Setting the animals free to roam loose had many of them killed when they attempted to cross roads. Others would simply die from starvation or predation because they lack the skills necessary to survive out on their own. 

Purty stoopid way to help stop the fur trade if you ask me.



> 1st photo: A mink is seen  on the side of a road in  Hiliodendro, near the northern Greek city of Kastoria, on Monday, Aug.  30. 2010. More than 50,000 minks were set loose in the area days before,  after raids by suspected animal rights activists on two fur farms. (AP  Photo/Nikolas Giakoumidis) #
> 
> 2nd photo:
> A  mink runs past other dead animals on a road in Hiliodendro, Greece on  Monday, Aug. 30. 2010. More than 50,000 minks were set loose in the area  days earlier, after raids by suspected animal rights activists.  Greece's National Fur Breeders Association said most of the released  animals were likely to die, adding that the cost to the farm owners  could pass 1 million Euros ($1.27 million) despite an effort to recover  the animals. (AP Photo/Nikolas Giakoumidis) #


http://www.boston.com/bigpicture/2010/09/animals_in_the_news_1.html#photo7


----------



## Empty Hands (Sep 22, 2010)

It's not stupid at all from the point of view of the activists.  If they act, maybe a few live.  If they do not, they are all guaranteed to die.  These animals are bred to die, they aren't pets.  The activists also get to draw attention to their cause, and make life more difficult for farmers (ranchers?  breeders?) that they despise.

Of course, it will never accomplish their goal.  I'm not sure that the activists even really care about that though.


----------



## Sukerkin (Sep 23, 2010)

Animal Rights Activists ...

... the rest of this post has been censored as it mostly just contained insults and expletives .

Let's just say that, for me, they redefine "Stupid" in a truly tangible way.


----------



## cdunn (Sep 23, 2010)

"Freeing" domesticated animals.... rarely goes well for the animals. 

Isn't it also interesting that when the animal rights folks start resorting to vigilante tactics / domestic terrorism, it's always for a 'cute' animal?

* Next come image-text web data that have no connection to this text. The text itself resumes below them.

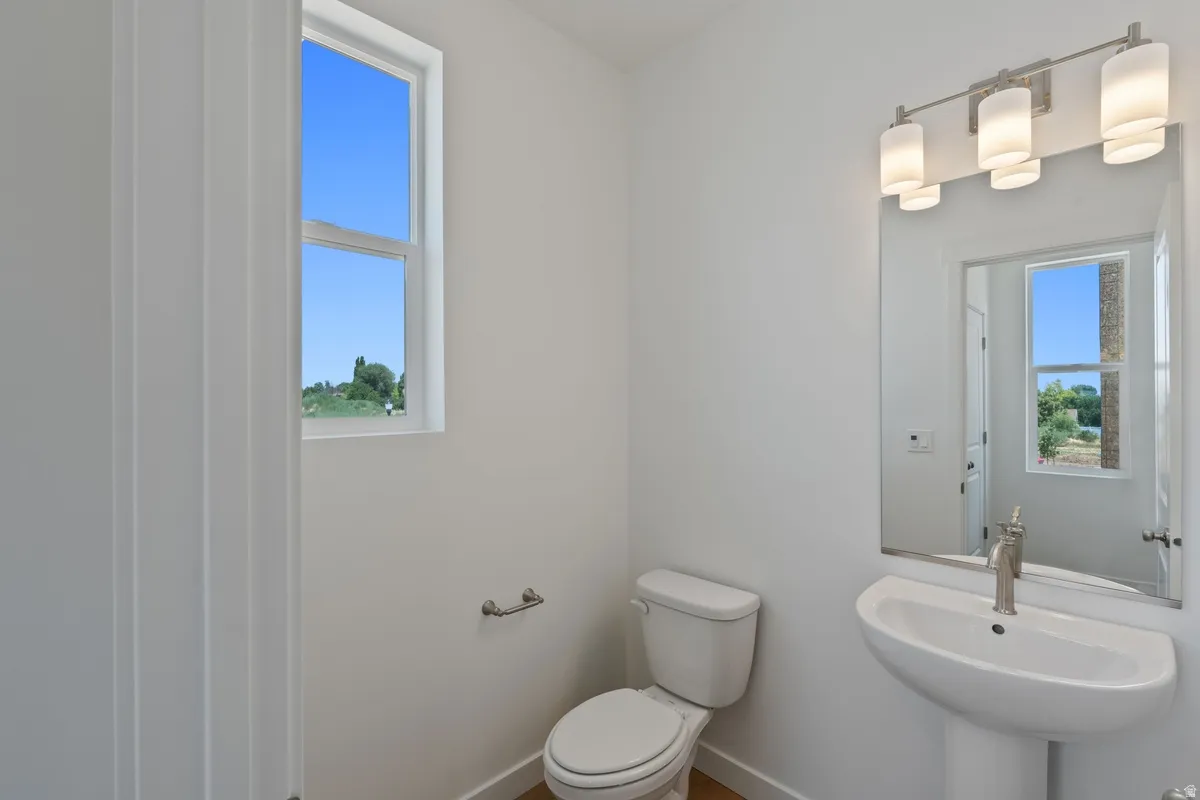 Bathroom with toilet and baseboards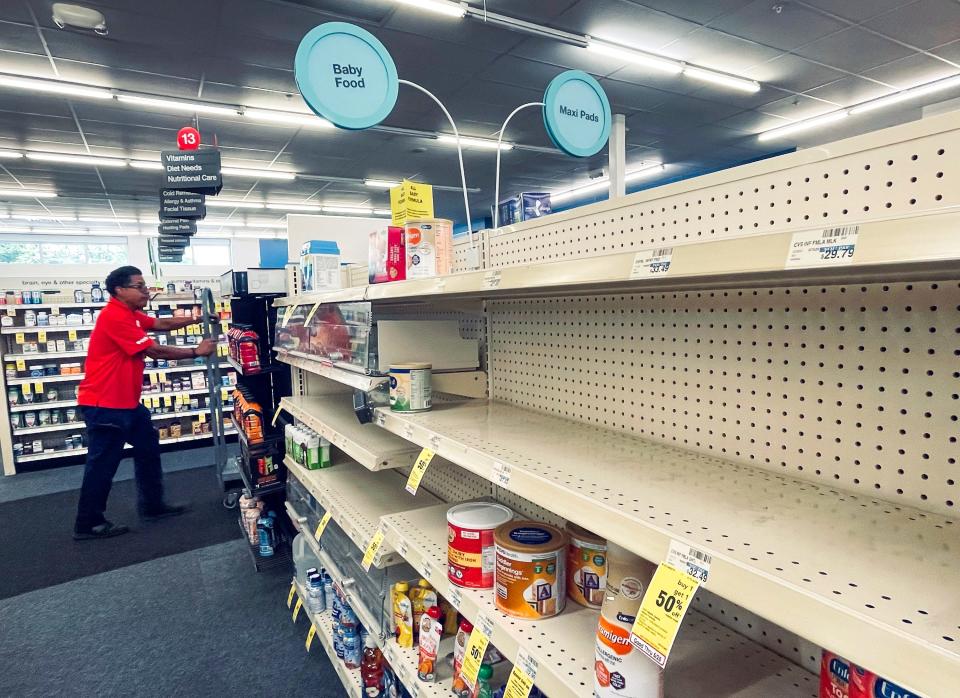 An employee walks past empty shelves where baby formula would normally be located at a CVS in New Orleans on Monday, May 16, 2022. President Joe Biden&#39;s administration has announced new steps to ease the national shortage of baby formula, including allowing more imports from overseas.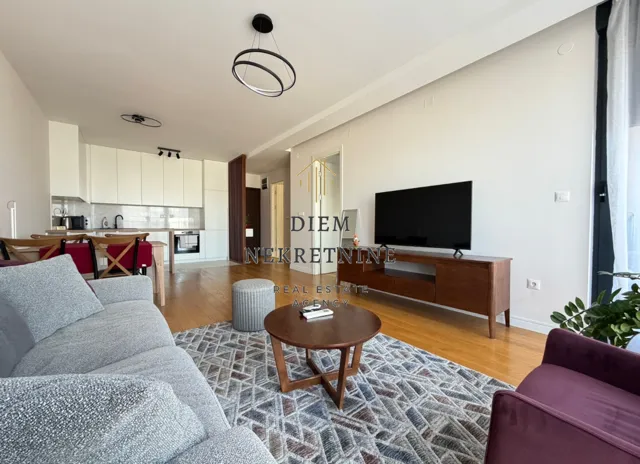 Spacious living room connected to the dining area and kitchen.
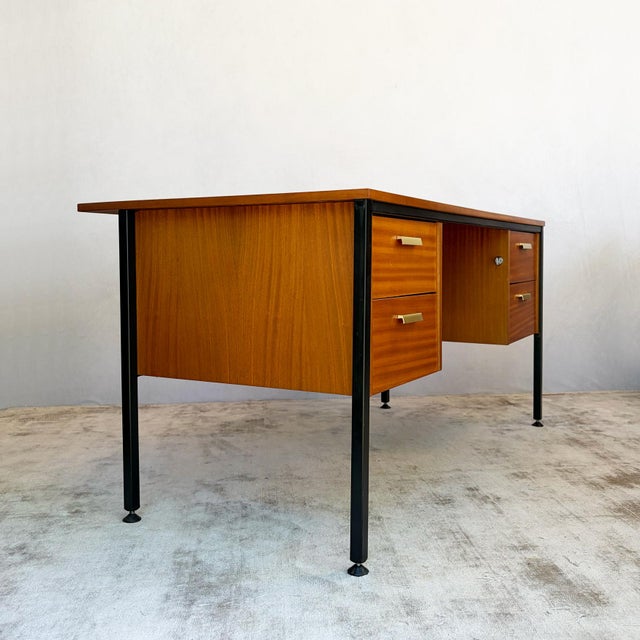 Twin-pedestal desk with two banks of two drawers, each fitted with satin brass handles. Black steel frame with tapered...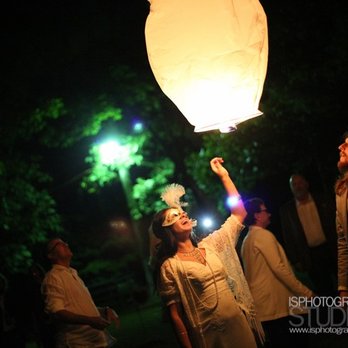 Stable Studio - a woman holding a lantern in the air - Recording & Rehearsal Studios Near Me - Spencer, Indiana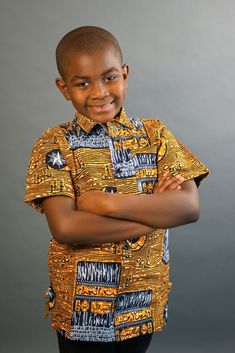 This short sleeved African Print shirt is real cute. Dress him up in this cute African outfit and he will attract a lot of attention and draw tons of compliments. He can wear it whenever he wants to project his African Identity. He can wear it to church, during Sankofa, Kwanzaa, and any African American or Afrocentric Cultural event. *Hand Sewn African Dress *Made by Local Artisans in Africa *100% Cotton *Made in Ghana *Portions of proceeds donated to charities in Africa *Everything in stock is Printed Cotton Half Sleeve T-shirt, Cute Short Sleeve Sets With Graphic Print, Cotton Half Sleeve Shirt With Graphic Print, Casual Fitted Collared Set, Brown Printed Short Sleeve Tops, Blue Printed Sets With Short Sleeves, Blue Printed Short Sleeve Sets, Casual Printed Short Sleeve Sets, Casual Short Sleeve Printed Sets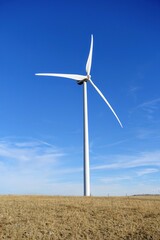 Fototapeta premium A closeup isolated vertical photo of Wind turbines in Alberta, Canada. Renewable energy concept.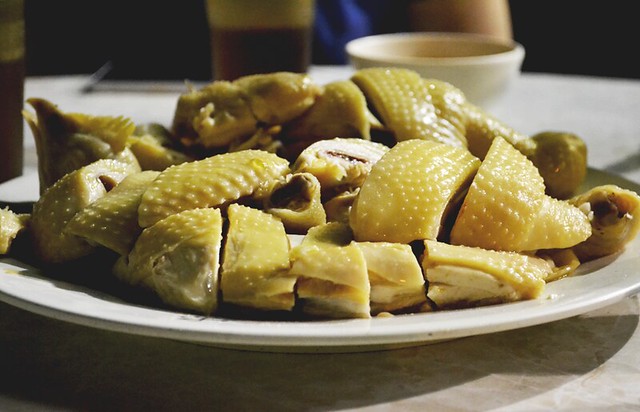 pieces of poached chicken on a plate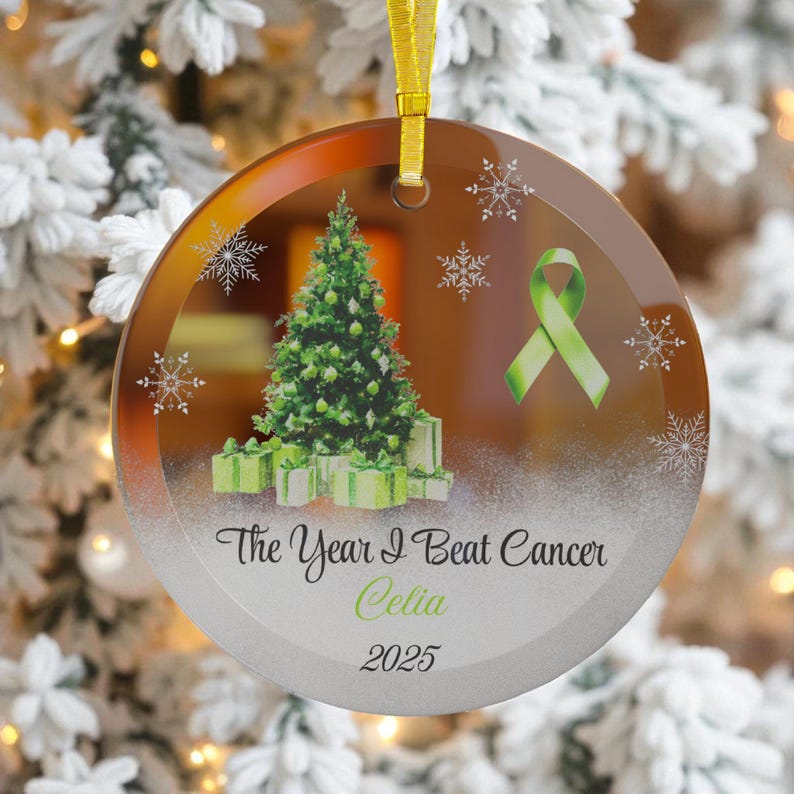 May include: Round glass Christmas ornament with a green Christmas tree, gifts, and snowflakes. Features a green ribbon and the text "The Year I Beat Cancer Celia 2025". Includes a gold ribbon for hanging.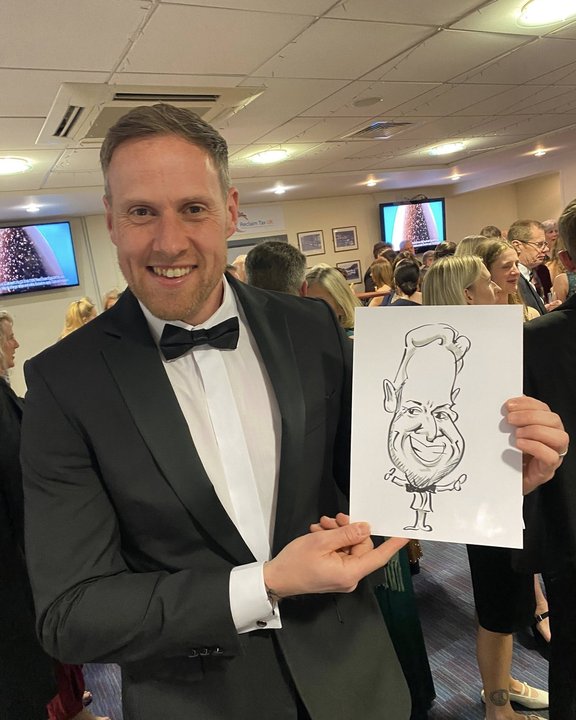 Guest in black tie holding his caricature at a charity gala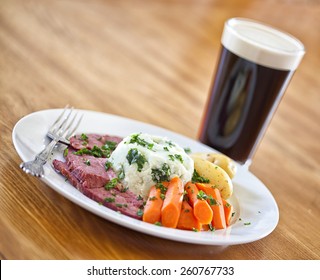 Traditional Irish St. Patricks Day Meal Of Corned Beef, Potatoes And Carrots And A Stout Beer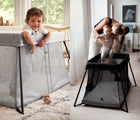 One view of child standing up in BabyBjörn Travel Crib Light in silver, and another view of adult putting baby inside BabyBjörn Travel Crib Light in black. Available fromten little.com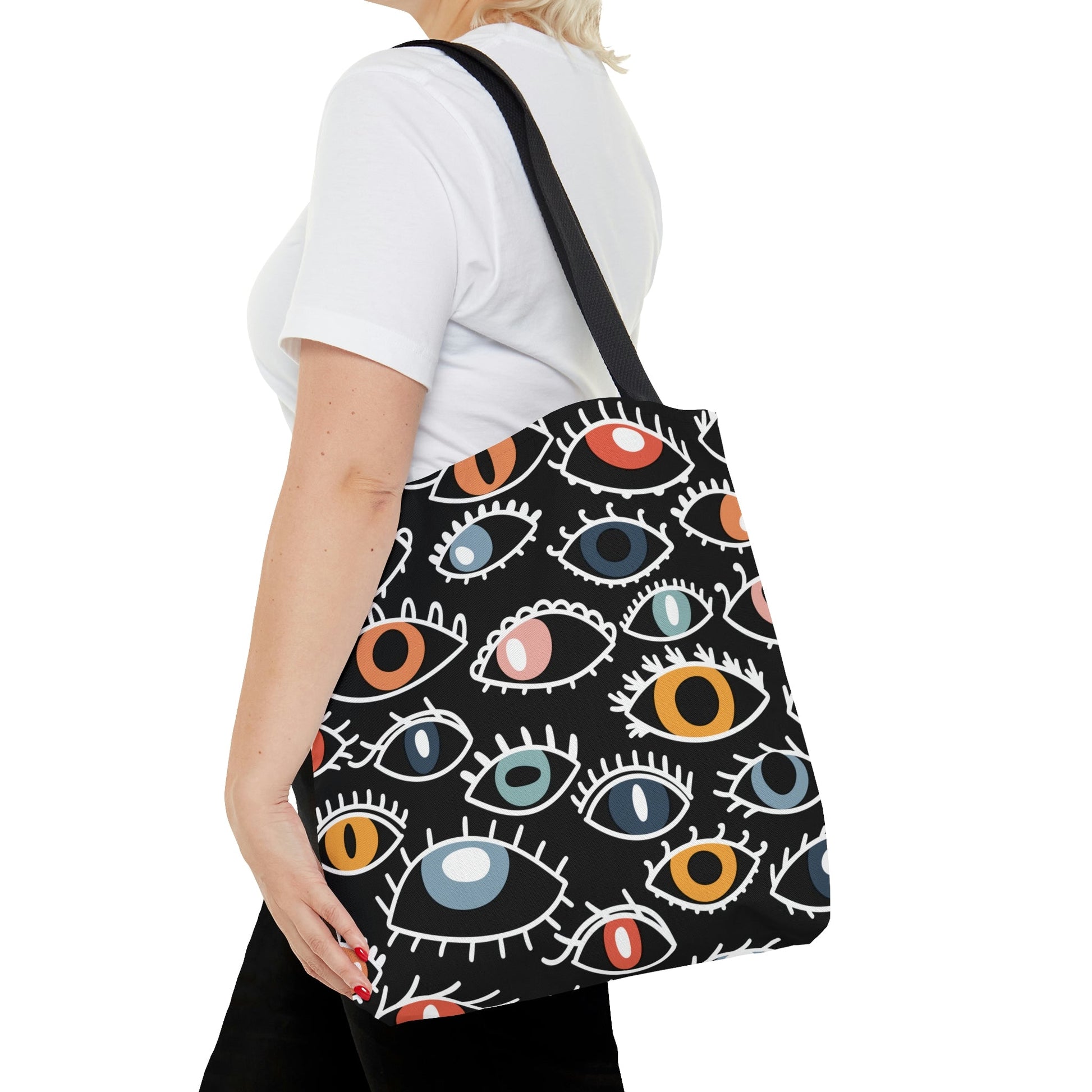 All over eyes tote bag worn by a woman.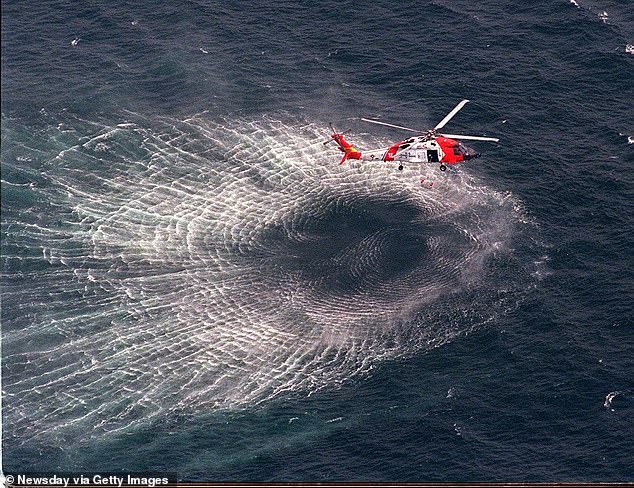 July 17, 1999: A Coast Guard helicopter lifts a rescue swimmer from the water during the search for wreckage from JFK Jr.'s plane.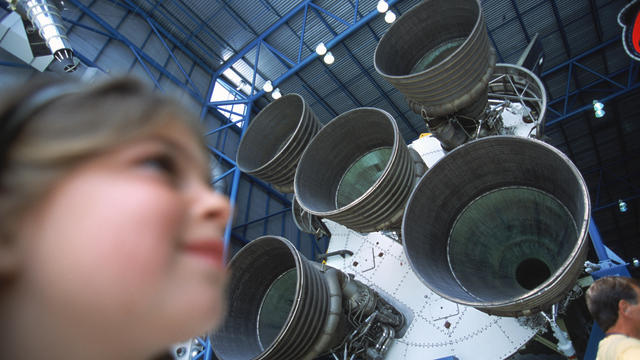 Girl next to Rocket Engines, Cape Canaveral, Kennedy Space Center, Florida, USA. 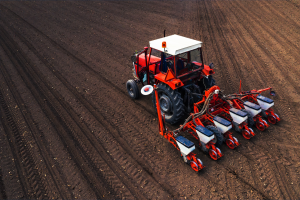 Trator vermelho protegido com tintas Vinilak para máquinas agrícolas trabalhando em solo arado.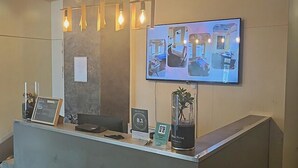 A hotel reception desk with a modern design, a mounted television displaying room images, and a sign indicating the hotel's name. - The Post Hotel (Porirua)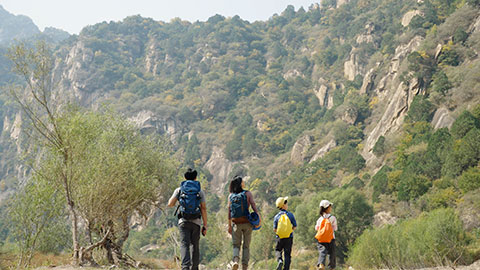 Happy young Chinese family hiking outdoors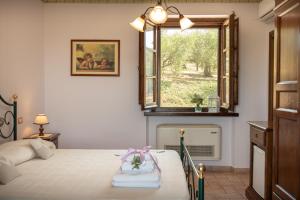 Postel nebo postele na pokoji v ubytování Agriturismo La Rocca Assisi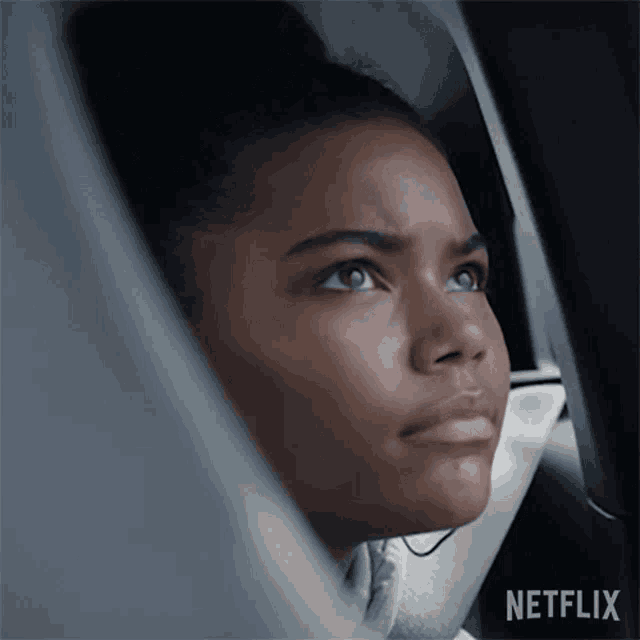 a woman is looking out of a car window with netflix written on the bottom right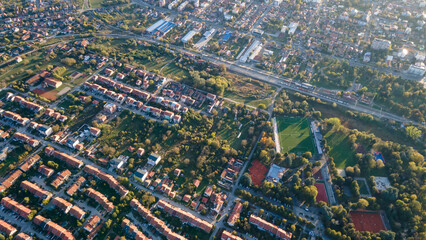 Aerial view of suburban houses in new modern development area. Small city on aerial view. Scenic...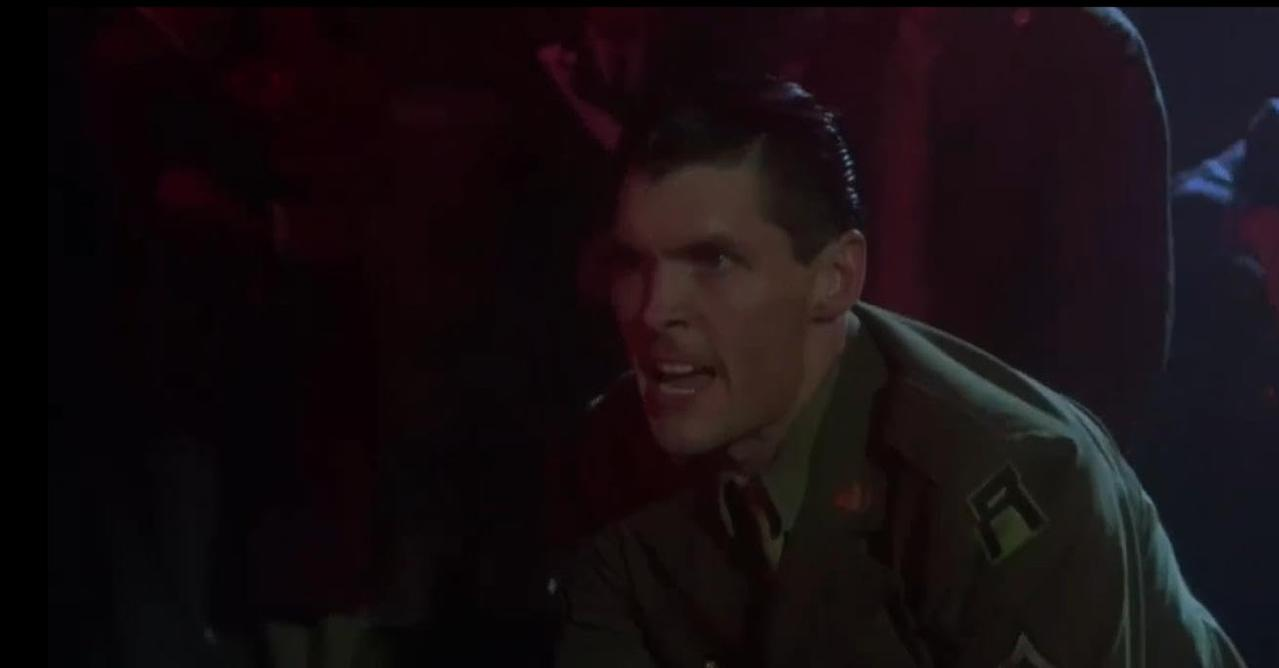 Ein Mann in Militäruniform mit einem ernsten Gesichtsausdruck, im Dunkeln.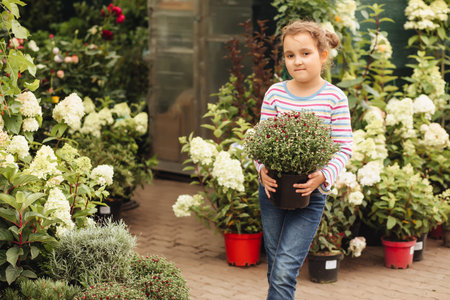 Little cute girl buying flowers in market. Choosing plants in a local garden centerの写真素材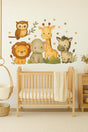 A nursery with a wooden crib and a large safari-themed wall decal featuring a lion, elephant, giraffe, zebra, and owl.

You never hear about raids on the plants that freeze grasshoppers for your pet skink.


----------



## Bruno@MT (Sep 24, 2010)

It's also interesting that they target people wearing mink, and not the hell's angles wearing leather.


----------



## Tanaka (Sep 24, 2010)

A plan that was not well thought out. They didn't make it past the part of "We will set them free"

Just letting something go free doesn't always work when they have no leg to stand on.


----------



## Omar B (Sep 24, 2010)

Seems animal activists never think beyond the first few steps.  Now you have freed a bunch of domesticated animals outside the habitat they would have been had they been born free.  Why not set them free at sea?  Same deal right.


----------



## Empty Hands (Sep 24, 2010)

Logically, it's pretty basic.  If the activists do nothing, all of the animals will die.  If they free them, most or even all may die, but they will have a chance.  It's kind of silly to say that they shouldn't free them because the animals will die - they are all already destined to die.  It's not like they raided a pet shop.  From their point of view, they also get to strike directly at an industry they despise.


----------



## Big Don (Sep 24, 2010)

Minks are weasels, if they weren't farmed for their skins, they'd be killed by farmers as varmints.


----------



## Ken Morgan (Sep 24, 2010)

My understanding is most mink breed for their fur are American mink, so "freeing" American mink into a geographical area not meant to have them creates all sorts of problems for native species. The European Mink is already very rare in the world. 
Ya gotta figure out of 50K, some will survive!


----------



## Makalakumu (Sep 24, 2010)

Bruno@MT said:


> It's also interesting that they target people wearing mink, and not the hell's angles wearing leather.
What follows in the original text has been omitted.